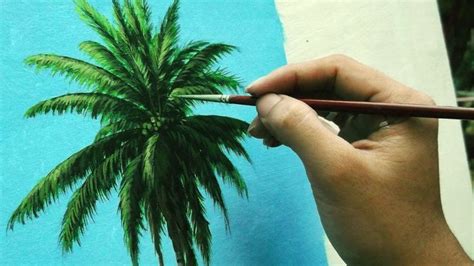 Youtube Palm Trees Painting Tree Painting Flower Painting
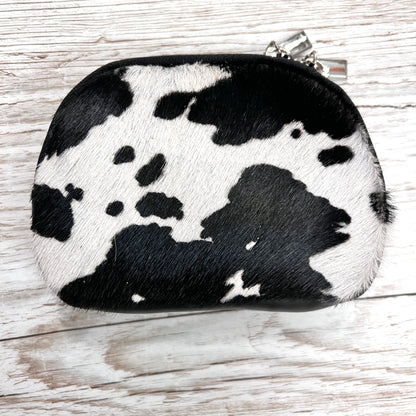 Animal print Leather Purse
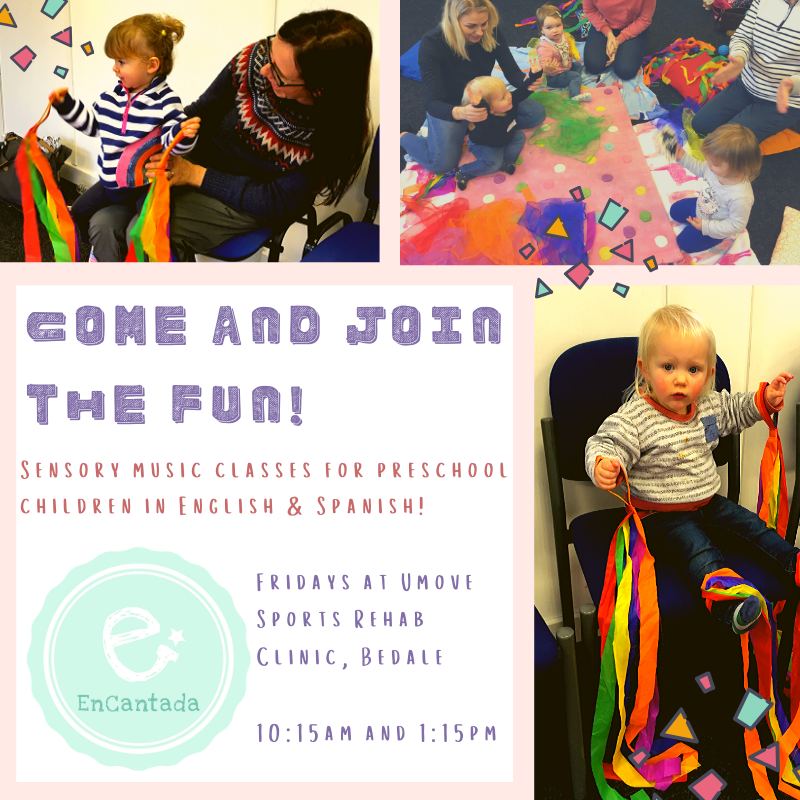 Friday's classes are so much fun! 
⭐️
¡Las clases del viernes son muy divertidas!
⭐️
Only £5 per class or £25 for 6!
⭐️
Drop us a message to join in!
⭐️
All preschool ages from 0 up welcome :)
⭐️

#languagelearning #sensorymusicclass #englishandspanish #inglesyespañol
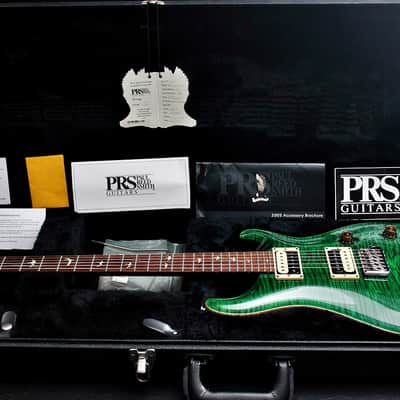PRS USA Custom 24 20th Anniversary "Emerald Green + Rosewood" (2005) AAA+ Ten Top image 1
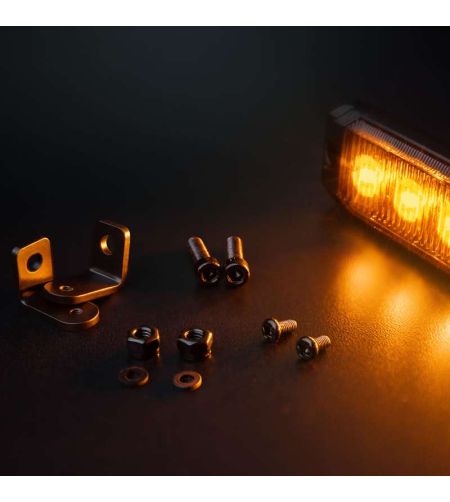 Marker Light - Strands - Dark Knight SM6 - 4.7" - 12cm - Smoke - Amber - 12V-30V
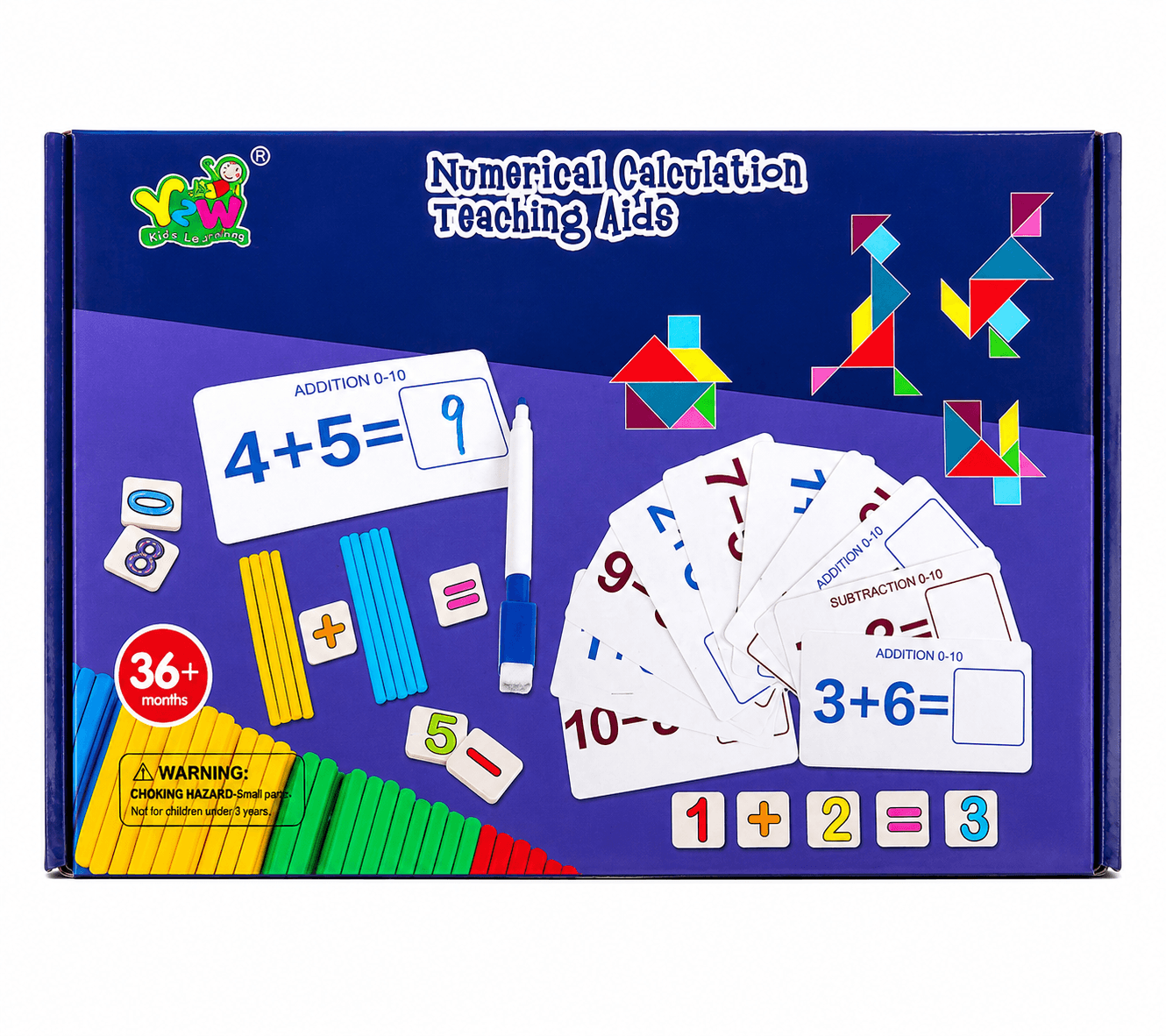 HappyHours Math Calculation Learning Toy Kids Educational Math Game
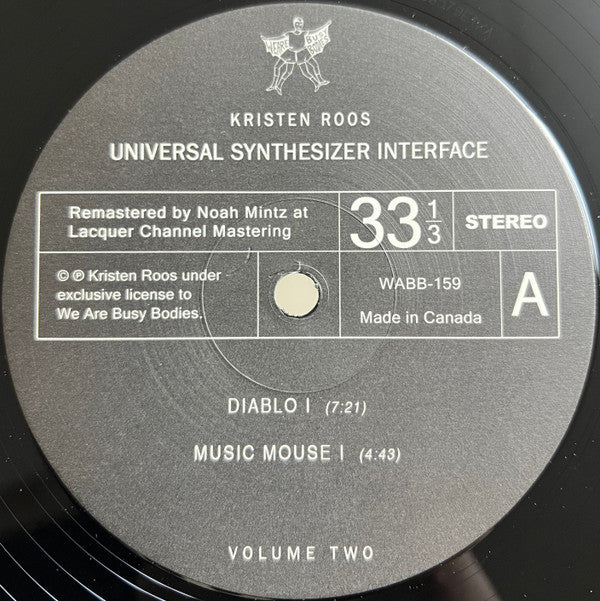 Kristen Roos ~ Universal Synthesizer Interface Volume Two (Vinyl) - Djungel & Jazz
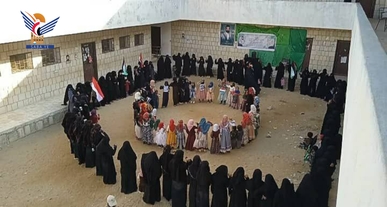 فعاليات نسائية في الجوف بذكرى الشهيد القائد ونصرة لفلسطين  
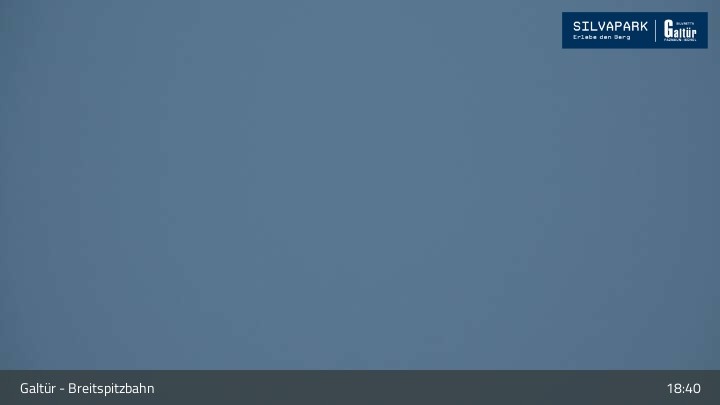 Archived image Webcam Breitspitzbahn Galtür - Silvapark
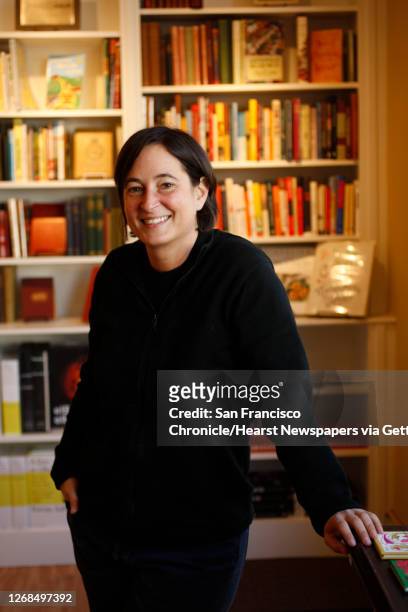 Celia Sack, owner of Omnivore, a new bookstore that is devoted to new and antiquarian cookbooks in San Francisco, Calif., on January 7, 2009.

---*---

▶ _Work to be completed_
Repeat the records above verbatim. Include none of the pictures.

▶ _Solution for this exercise_
 Youtube Palm Trees Painting Tree Painting Flower Painting
 Animal print Leather Purse
 Friday's classes are so much fun! 
⭐️
¡Las clases del viernes son muy divertidas!
⭐️
Only £5 per class or £25 for 6!
⭐️
Drop us a message to join in!
⭐️
All preschool ages from 0 up welcome :)
⭐️

#languagelearning #sensorymusicclass #englishandspanish #inglesyespañol
PRS USA Custom 24 20th Anniversary "Emerald Green + Rosewood" (2005) AAA+ Ten Top image 1
 Marker Light - Strands - Dark Knight SM6 - 4.7" - 12cm - Smoke - Amber - 12V-30V
 HappyHours Math Calculation Learning Toy Kids Educational Math Game
 Kristen Roos ~ Universal Synthesizer Interface Volume Two (Vinyl) - Djungel & Jazz
 فعاليات نسائية في الجوف بذكرى الشهيد القائد ونصرة لفلسطين  
 Archived image Webcam Breitspitzbahn Galtür - Silvapark
 Celia Sack, owner of Omnivore, a new bookstore that is devoted to new and antiquarian cookbooks in San Francisco, Calif., on January 7, 2009.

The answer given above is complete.